### Assigned task
Write out the whole listing exactly; no images belong in it.

___ Data excerpt ___

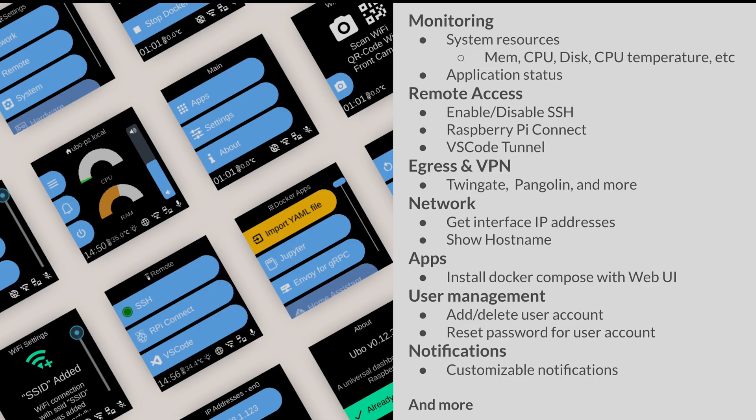You can use it for remote access — enable or disable SSH, set up Raspberry Pi Connect, or VS Code tunnel. You can also use it to set up egress or VPN options; we support Tailscale, WireGuard, and a few other options out of the box. You can use it to get IP addresses of different network interfaces on your Raspberry Pi and see the hostname. You can use the GUI to install Docker Compose applications through the web UI, and use it for user management to add and delete user accounts or reset passwords. Since the GUI is 100% customizable and programmable, you can set it up to show certain notifications when something happens on the system.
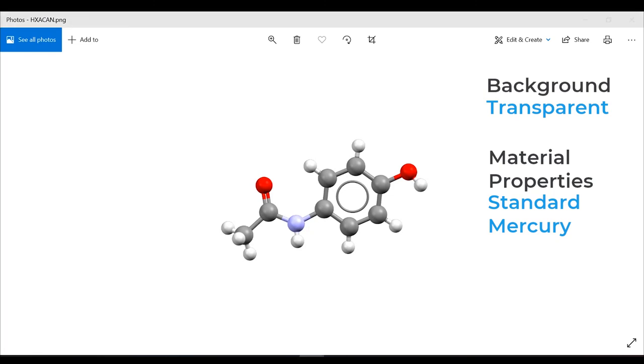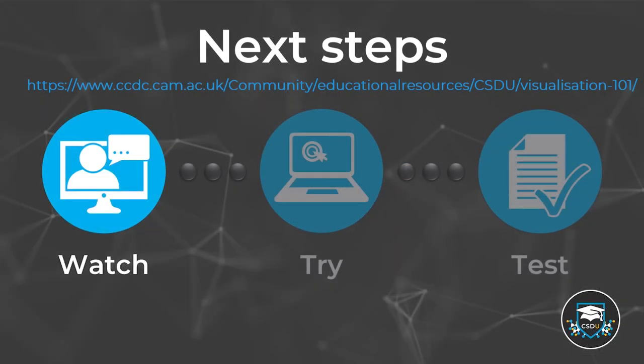This brings me to the end of the demo. I hope you saw the full picture.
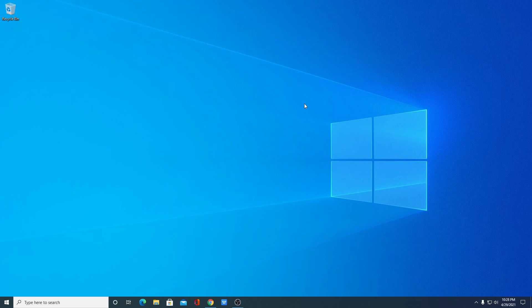These are the two methods by which you can easily customize your screen resolution on Windows 10. That's it for this video — hope it was helpful. If you found it helpful, don't forget to hit the like button and subscribe to the channel for more videos like this. Bye for now, see you in the next video!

___

### Reply
You can use it for remote access — enable or disable SSH, set up Raspberry Pi Connect, or VS Code tunnel. You can also use it to set up egress or VPN options; we support Tailscale, WireGuard, and a few other options out of the box. You can use it to get IP addresses of different network interfaces on your Raspberry Pi and see the hostname. You can use the GUI to install Docker Compose applications through the web UI, and use it for user management to add and delete user accounts or reset passwords. Since the GUI is 100% customizable and programmable, you can set it up to show certain notifications when something happens on the system.
This brings me to the end of the demo. I hope you saw the full picture.
These are the two methods by which you can easily customize your screen resolution on Windows 10. That's it for this video — hope it was helpful. If you found it helpful, don't forget to hit the like button and subscribe to the channel for more videos like this. Bye for now, see you in the next video!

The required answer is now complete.